# Directions
Skip the pictures. Quote every line below, exactly, from the one with "No one likes" through the final line.

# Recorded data

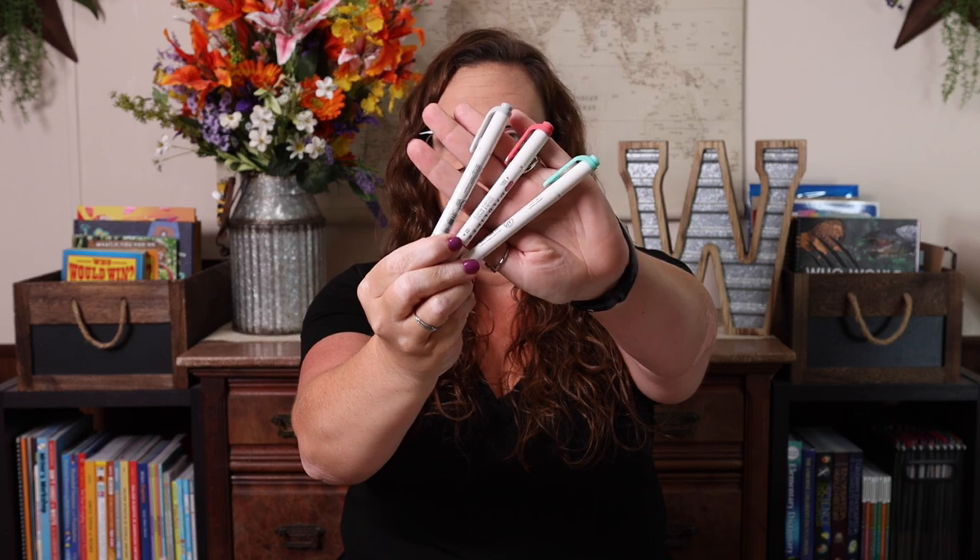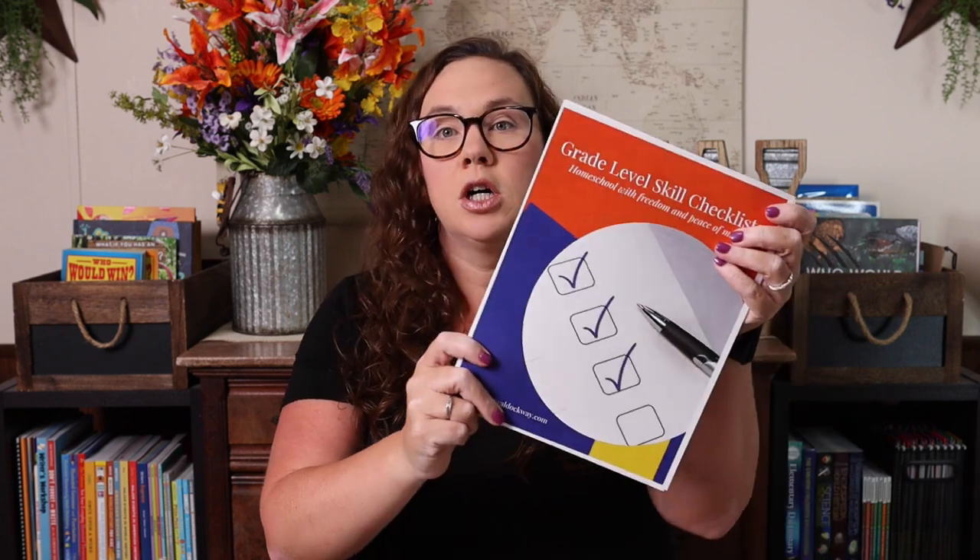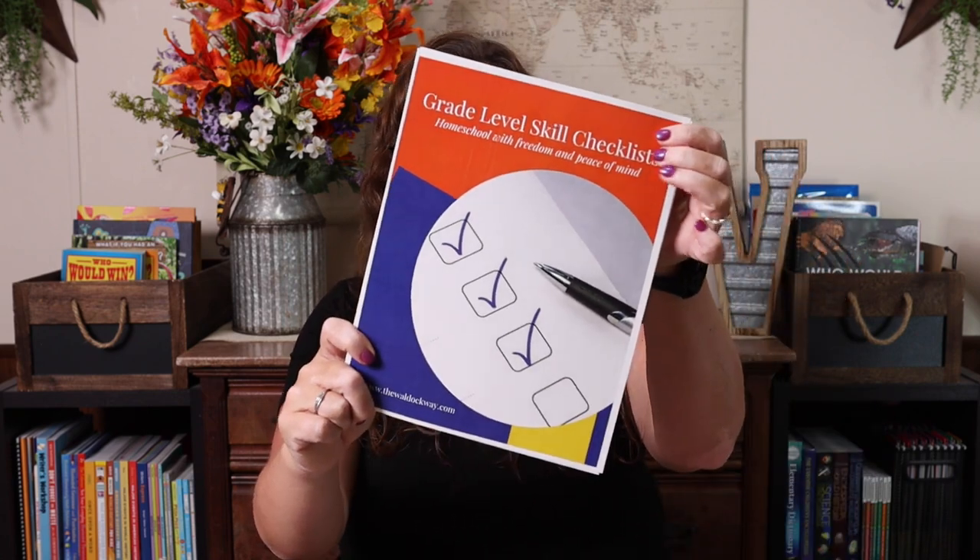Before we get started, I want to tell you the things I have at my disposal when I'm getting ready to plan the year. I have a notepad full of notes, my favorite erasable pens, my favorite highlighters which are the Mildliners, my updated 2023-2024 planner, and our grade level skills checklist — a free download I'll link in the description. That checklist is a huge part of my planning.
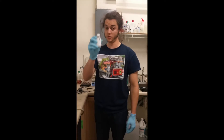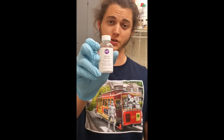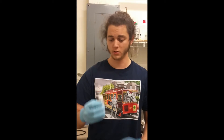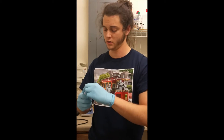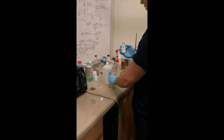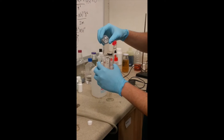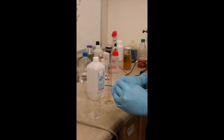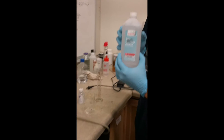So this is glycerin — actually, this is like icing thickener. You can get it from a food store, but it has glycerin in it, which is the tri-alcohol molecule with three carbons. I'm going to put some of this in a beaker and kind of guesstimate the amount — maybe like two grams here, might be closer to three grams, but I think it's about two grams.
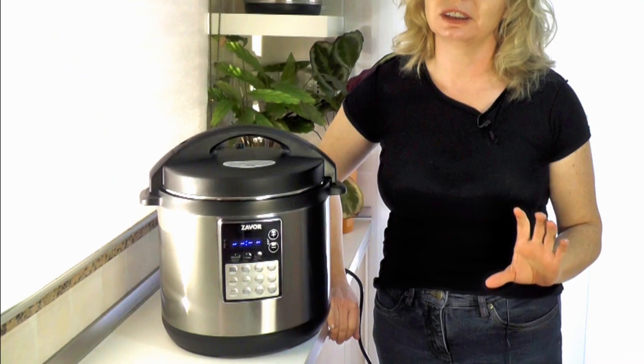Hi, I'm Laura Pazzaglia, founder of Hip Cooking, and I wanted to give you a little preview of the Xavor Luxe Edge Multicooker. Now, if it looks a little familiar, there's a reason why. Olgo Xavor is a brand new company, and its founders were actually the people behind Fagor America.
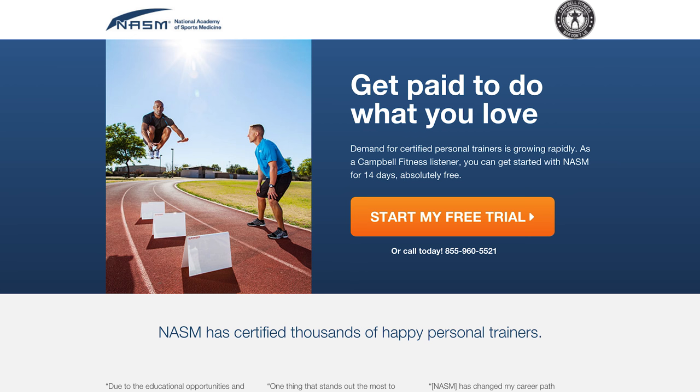No one likes all those New Year's resolutioners in the gym each January, but now you can flip the situation by becoming a certified personal trainer and making some money while doing so. The National Academy of Sports Medicine is still offering a 14-day free trial of their programming, which you can find at myusatrainer.com/campbellfitness.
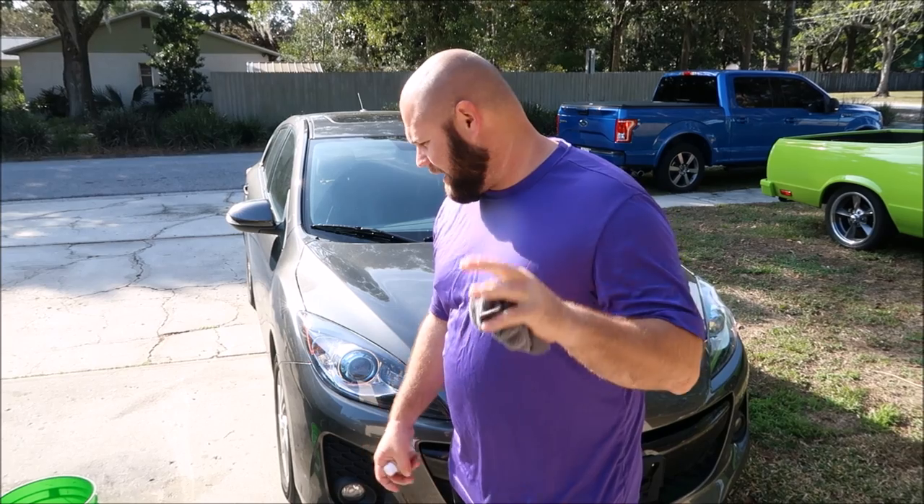Hey guys, Gary Dean, detailjuice.com. Got a Mazda 3 right here that I'm about to start working on. I'm about to release a brand new soap called Evo Shampoo. This came about over the course of probably a couple years of me thinking I should probably have something for the traditional wash people.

# Answer to this exercise
No one likes all those New Year's resolutioners in the gym each January, but now you can flip the situation by becoming a certified personal trainer and making some money while doing so. The National Academy of Sports Medicine is still offering a 14-day free trial of their programming, which you can find at myusatrainer.com/campbellfitness.
Hey guys, Gary Dean, detailjuice.com. Got a Mazda 3 right here that I'm about to start working on. I'm about to release a brand new soap called Evo Shampoo. This came about over the course of probably a couple years of me thinking I should probably have something for the traditional wash people.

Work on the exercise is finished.